Kinetic Decomposition of Approximate Solutions to Conservation Laws
Title | Kinetic Decomposition of Approximate Solutions to Conservation Laws PDF eBook |
Author | Seok Hwang |
Publisher | |
Pages | 76 |
Release | 2002 |
Genre | |
ISBN |
A New Convergence Proof for Finite Volume Schemes Using the Kinetic Formulation of Conservation Laws
Title | A New Convergence Proof for Finite Volume Schemes Using the Kinetic Formulation of Conservation Laws PDF eBook |
Author | Sebastian Noelle |
Publisher | |
Pages | 19 |
Release | 1997 |
Genre | |
ISBN |
Some Current Topics on Nonlinear Conservation Laws
Title | Some Current Topics on Nonlinear Conservation Laws PDF eBook |
Author | Ling Hsiao |
Publisher | American Mathematical Soc. |
Pages | 260 |
Release | 2000 |
Genre | Mathematics |
ISBN | 0821819658 |
This volume resulted from a year-long program at the Morningside Center of Mathematics at the Academia Sinica in Beijing. It presents an overview of nonlinear conversation laws and introduces developments in this expanding field. Zhouping Xin's introductory overview of the subject is followed by lecture notes of leading experts who have made fundamental contributions to this field of research. A. Bressan's theory of $-well-posedness for entropy weak solutions to systems of nonlinear hyperbolic conversation laws in the class of viscosity solutions is one of the most important results in the past two decades; G. Chen discusses weak convergence methods and various applications to many problems; P. Degond details mathematical modelling of semi-conductor devices; B. Perthame describes the theory of asymptotic equivalence between conservation laws and singular kinetic equations; Z. Xin outlines the recent development of the vanishing viscosity problem and nonlinear stability of elementary wave-a major focus of research in the last decade; and the volume concludes with Y. Zheng's lecture on incompressible fluid dynamics. This collection of lectures represents previously unpublished expository and research results of experts in nonlinear conservation laws and is an excellent reference for researchers and advanced graduate students in the areas of nonlinear partial differential equations and nonlinear analysis. Titles in this series are co-published with International Press, Cambridge, MA.

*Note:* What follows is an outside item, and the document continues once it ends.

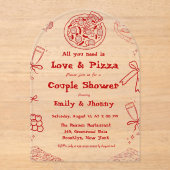 ハンドドローis love & pizzaブライダルシャワー アクリル招待状 (正面)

A Kinetic Equation with Kinetic Entropy Functions for Scalar Conservation Laws
Title | A Kinetic Equation with Kinetic Entropy Functions for Scalar Conservation Laws PDF eBook |
Author | Institute for Computer Applications in Science and Engineering |
Publisher | |
Pages | 28 |
Release | 1990 |
Genre | |
ISBN |
Conservation Laws and Kinetic Equations
Title | Conservation Laws and Kinetic Equations PDF eBook |
Author | Damián H. Zanette |
Publisher | |
Pages | 6 |
Release | 1990 |
Genre | |
ISBN |
Transport Equations and Multi-D Hyperbolic Conservation Laws
Title | Transport Equations and Multi-D Hyperbolic Conservation Laws PDF eBook |
Author | Luigi Ambrosio |
Publisher | Springer Science & Business Media |
Pages | 141 |
Release | 2008-02-17 |
Genre | Mathematics |
ISBN | 3540767819 |
The theory of nonlinear hyperbolic equations in several space dimensions has recently obtained remarkable achievements. This volume provides an up-to-date overview of the status and perspectives of two areas of research in PDEs, related to hyperbolic conservation laws. The captivating volume contains surveys of recent deep results and provides an overview of further developments and related open problems. Readers should have basic knowledge of PDE and measure theory.